Records for this task
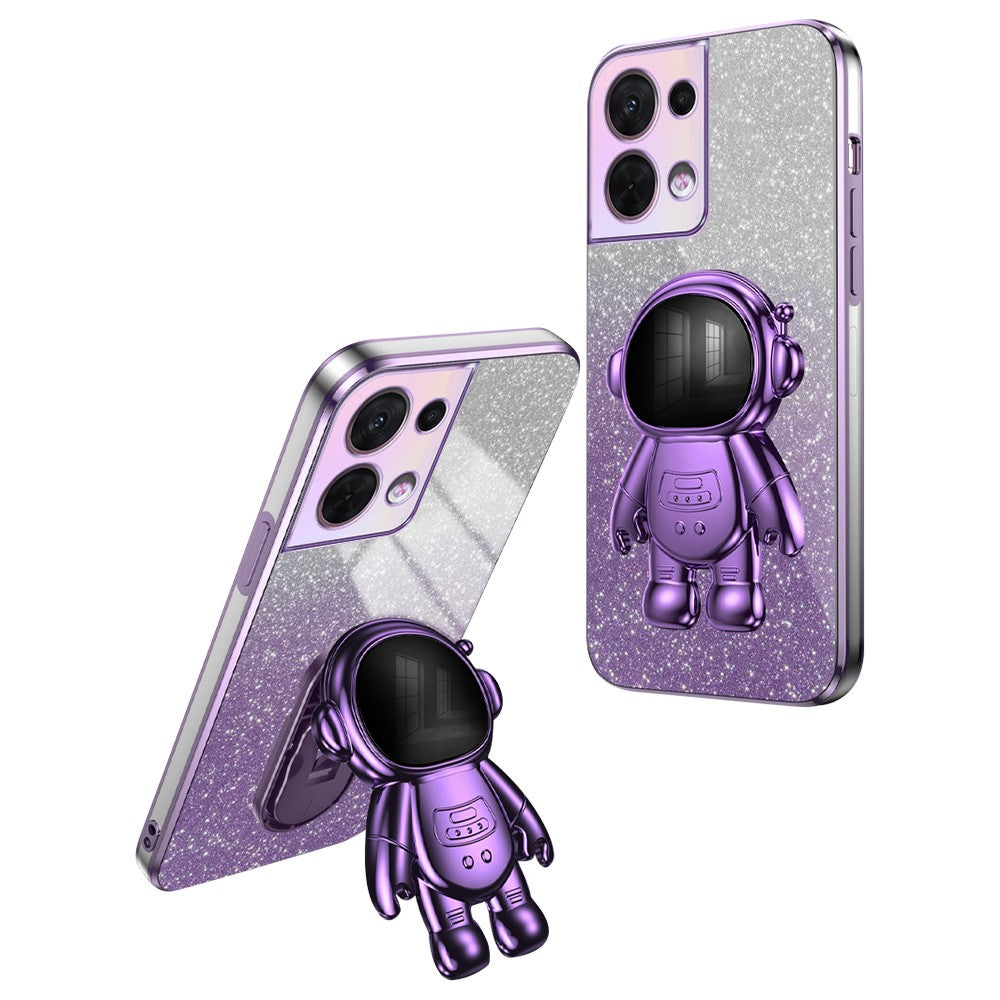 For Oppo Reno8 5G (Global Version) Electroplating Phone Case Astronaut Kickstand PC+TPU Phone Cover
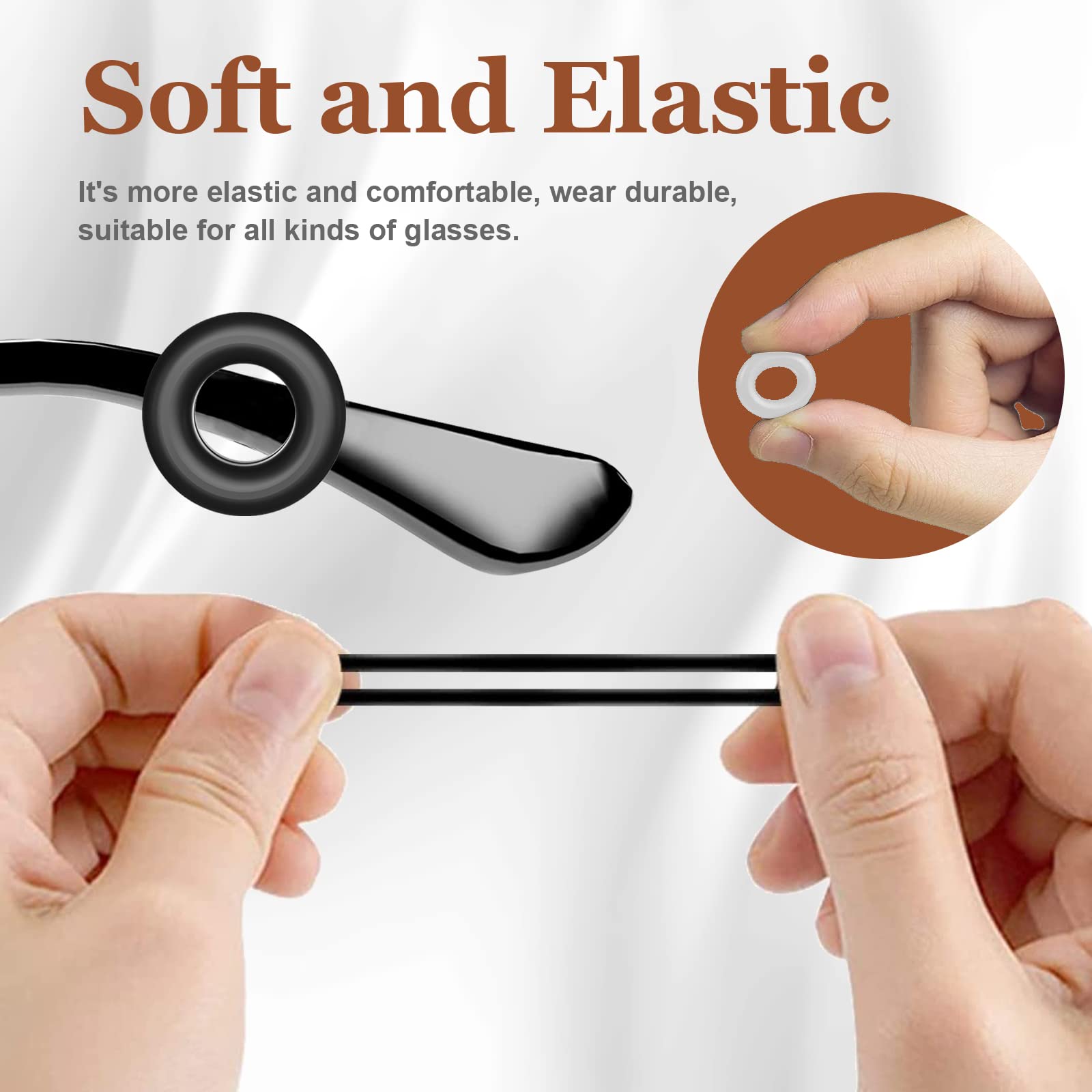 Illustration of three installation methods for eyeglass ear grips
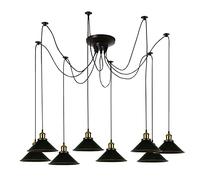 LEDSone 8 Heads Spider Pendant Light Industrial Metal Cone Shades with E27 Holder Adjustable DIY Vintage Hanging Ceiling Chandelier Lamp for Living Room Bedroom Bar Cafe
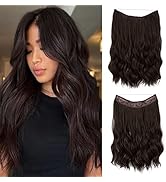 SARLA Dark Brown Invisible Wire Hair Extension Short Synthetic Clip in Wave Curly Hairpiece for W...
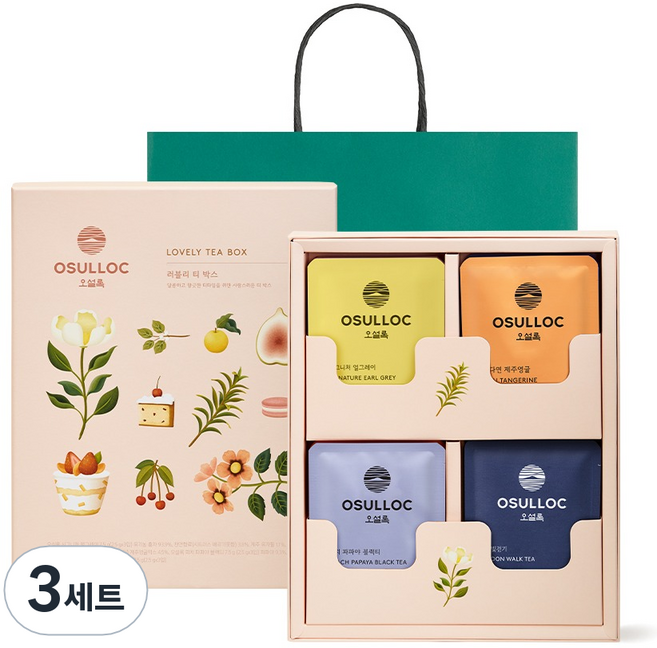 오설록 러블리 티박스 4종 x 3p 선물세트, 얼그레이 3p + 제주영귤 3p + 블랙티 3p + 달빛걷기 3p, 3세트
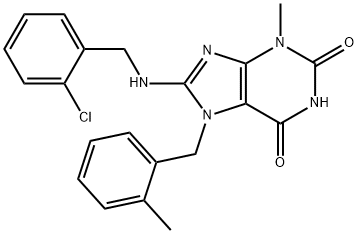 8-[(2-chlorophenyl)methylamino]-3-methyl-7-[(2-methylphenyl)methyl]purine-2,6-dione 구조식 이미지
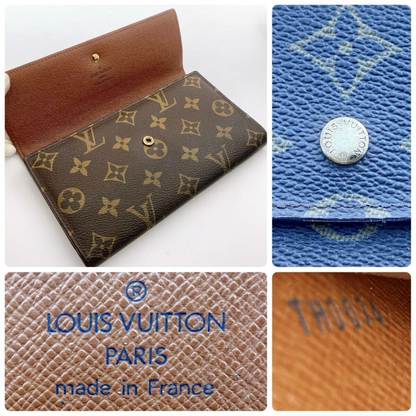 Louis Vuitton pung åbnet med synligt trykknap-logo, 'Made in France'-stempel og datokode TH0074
==
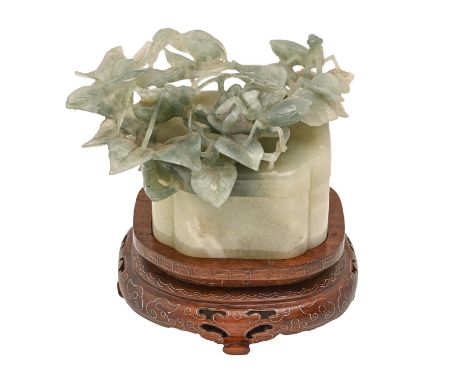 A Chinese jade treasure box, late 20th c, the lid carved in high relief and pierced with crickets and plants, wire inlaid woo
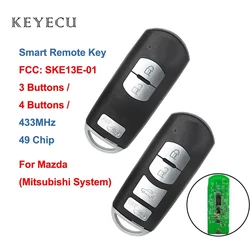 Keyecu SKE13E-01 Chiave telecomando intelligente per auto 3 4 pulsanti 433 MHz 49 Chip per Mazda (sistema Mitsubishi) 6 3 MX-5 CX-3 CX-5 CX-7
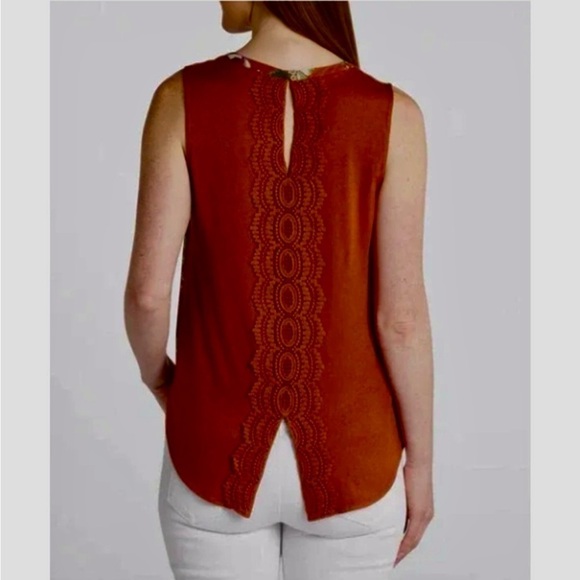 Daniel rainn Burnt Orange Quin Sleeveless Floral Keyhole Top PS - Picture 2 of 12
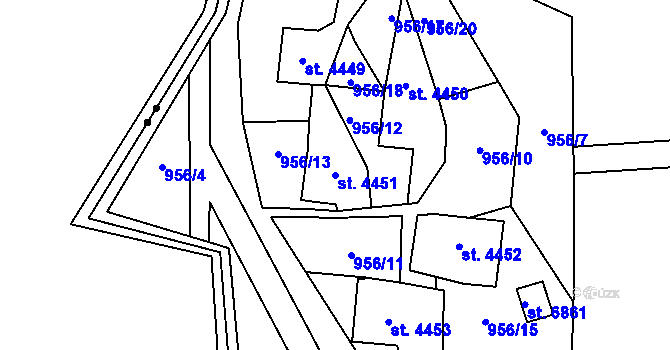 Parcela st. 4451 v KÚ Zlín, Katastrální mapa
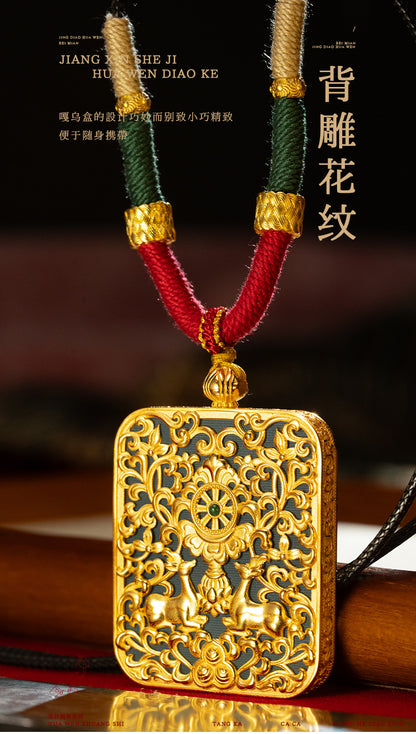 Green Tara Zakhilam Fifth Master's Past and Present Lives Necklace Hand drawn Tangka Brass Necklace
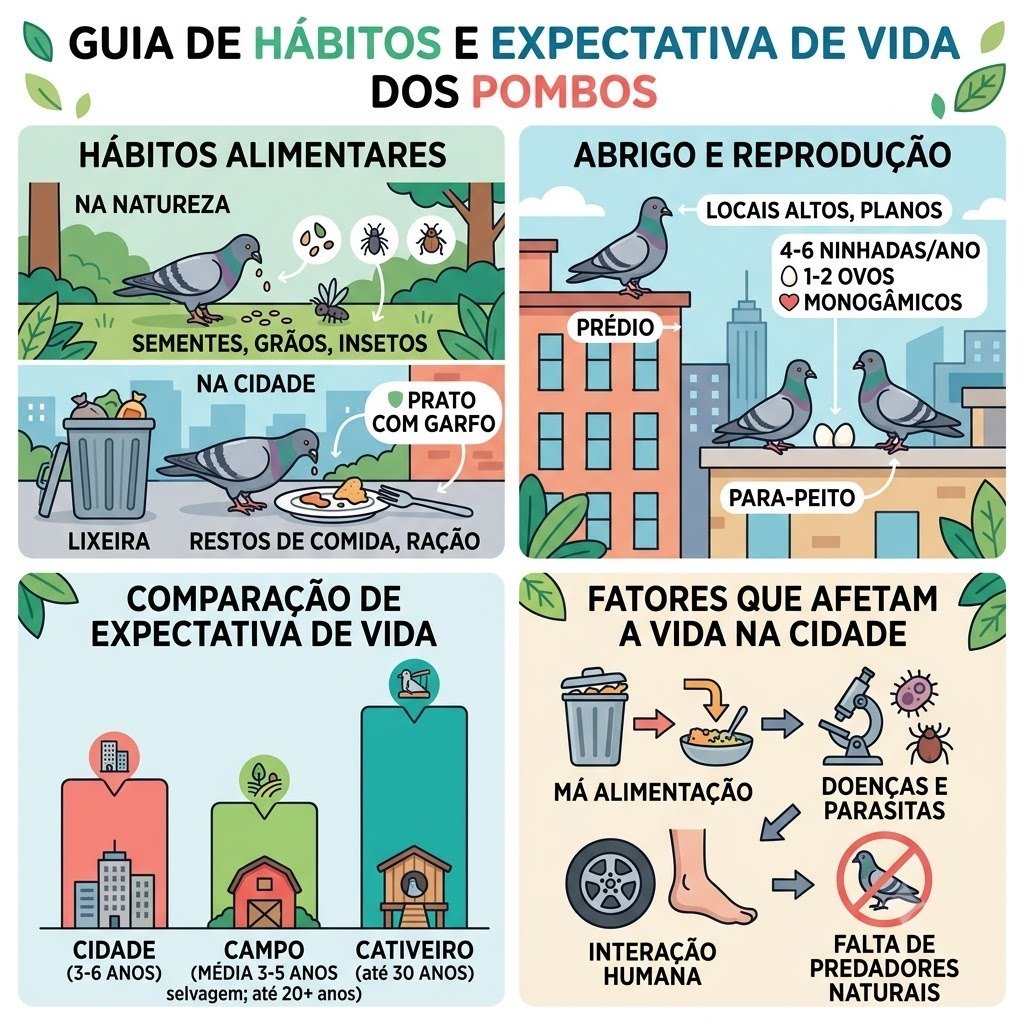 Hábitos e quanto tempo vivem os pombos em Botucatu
---
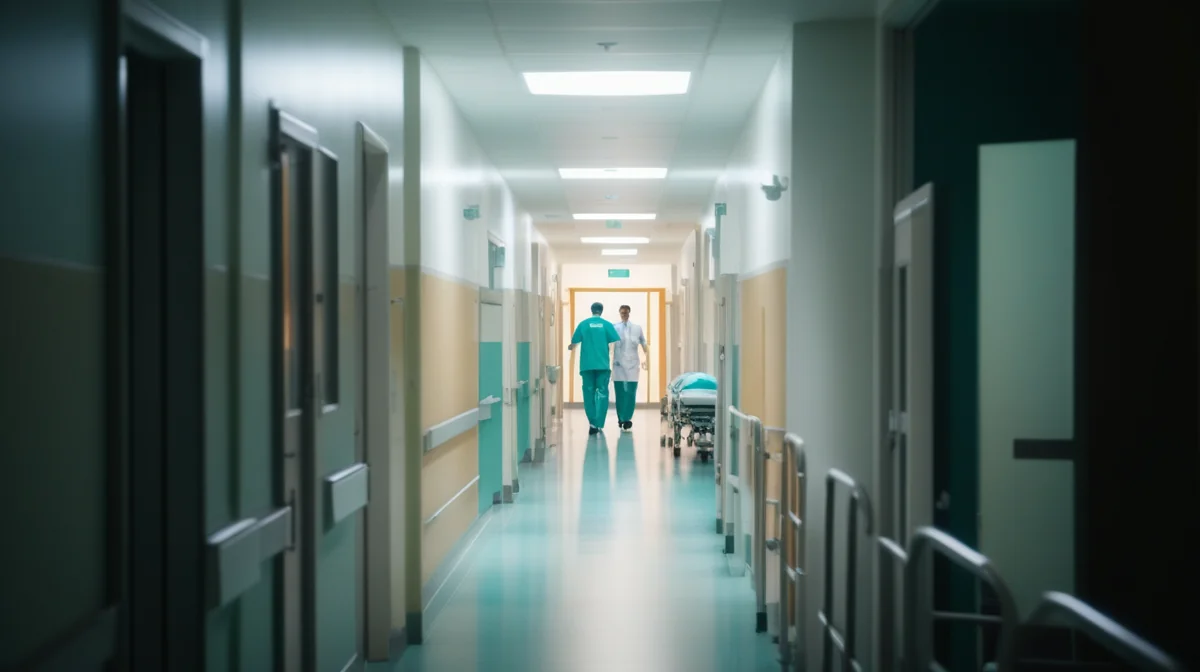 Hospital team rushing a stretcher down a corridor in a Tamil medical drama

Assignment
Repeat, without pictures, exactly the lines of the data above from the one containing "오설록 러블리 티박스" through the one containing "Louis Vuitton pung", including both and adding nothing.

Solution to this exercise
 오설록 러블리 티박스 4종 x 3p 선물세트, 얼그레이 3p + 제주영귤 3p + 블랙티 3p + 달빛걷기 3p, 3세트
 8-[(2-chlorophenyl)methylamino]-3-methyl-7-[(2-methylphenyl)methyl]purine-2,6-dione 구조식 이미지
 Louis Vuitton pung åbnet med synligt trykknap-logo, 'Made in France'-stempel og datokode TH0074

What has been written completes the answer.